Brezilyalı yazar, Joaquim Maria Machado de Assis, Brezilya'nun en büyük romanlarından biri sayılan, Mezarımdan Yazıyorum adlı eserini,
1881 yılında yayımlar.
Yayımlandığı zaman da ilgi görmesine karşın, asıl hak ettiği değeri, ölümünden uzun yıllar sonra bulur.
Harold Bloom, Susan Sontag, Allen Gingberg, Philip Roth, Salman Rushdie gibi isimler, Maria Machado de Assis'e olan hayranlıklarını ve ilgilerini defalarca dile getirirler.
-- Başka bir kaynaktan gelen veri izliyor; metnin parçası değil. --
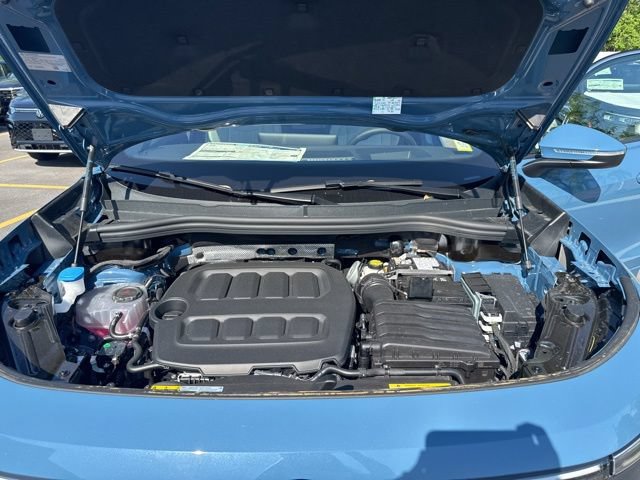 New 2026 Volkswagen Tiguan SEL R-Line AWD/4WD image 20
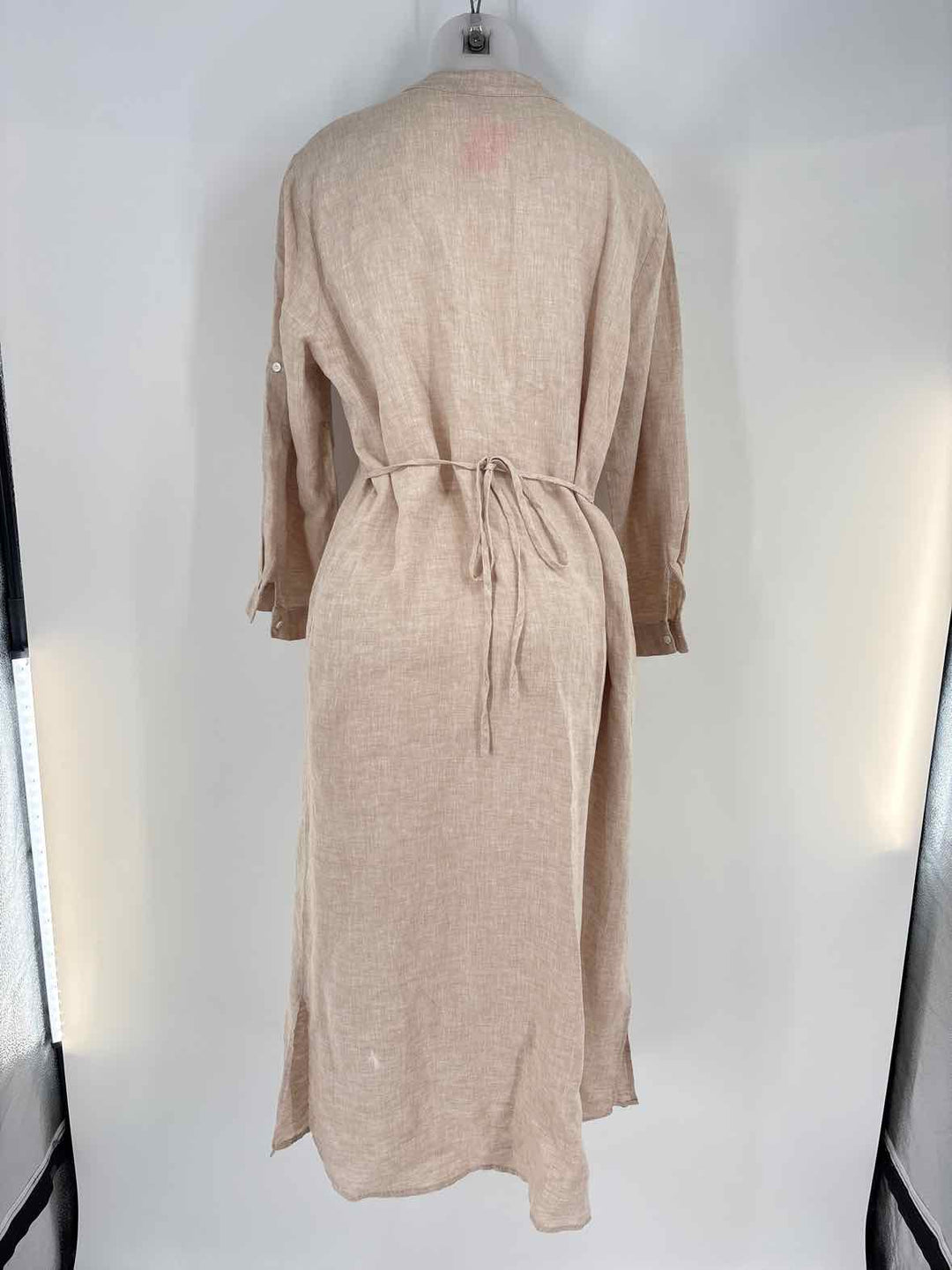 Size XL J MCLAUGHLIN Tan Dress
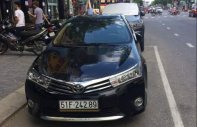 Toyota Corolla altis 2015 - Bán ô tô Toyota Corolla altis năm 2015, màu đen số tự động giá 620 triệu tại Đà Nẵng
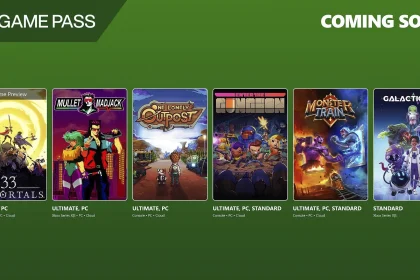 Xbox Game Pass de marzo 2025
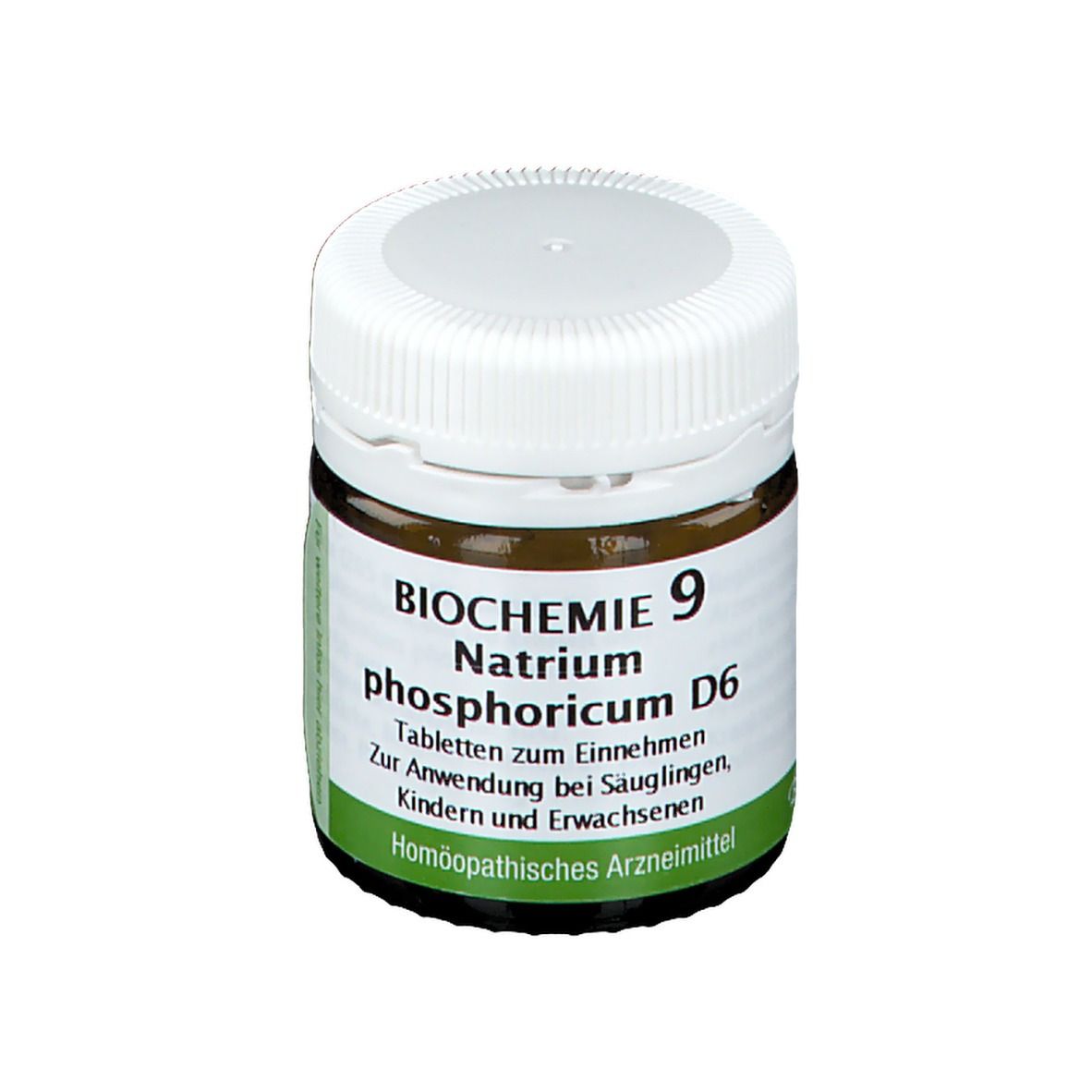Bombastus Biochemie 9 Natrium phosphoricum D 6 Tabletten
Avrupa edebiyat geleneğinin özümsenmesi ve yeniden işlenmesiyle şekillenen roman, son derece moderndir.Bu nedenle bazı eleştirmenler, Borges'in ortaya çıkışına kadar Latin Amerika edebiyatında bir benzeri olmadığını iddia ederler bu kitabın.
İnsanlık komedisinin her yerde aynı olduğunu gösterir Machado de Assis.İnsanın ve toplumun çatışmasında kazanan hep toplum olsa da.
Brâs Cubas, ölümünden sonra hayatını anlatır bize.Ölümü ile başlar anlatmaya, çocukluğuna uzanarak, ölümüne kadar yaşamış olduğu tüm yaşamını anlatır.Yer yer okuyucu ile konuşur, eleştirmenlerle dalga geçer.
Yaşarken geliştirdiği, fikirlerinden, kuramlarından bahseder, hüzün giderici yakı, Faydalar Kuramı, mezar taşı yazılarının felsefesi gibi...
Tüm bu geliştirdiği fikir ve kuramların yaşamında karşılığı vardır.
Zaman zaman ironik bulduğum zaman zaman hüzünlendiğim, Mezarımdan Yazıyorum'u sevdim.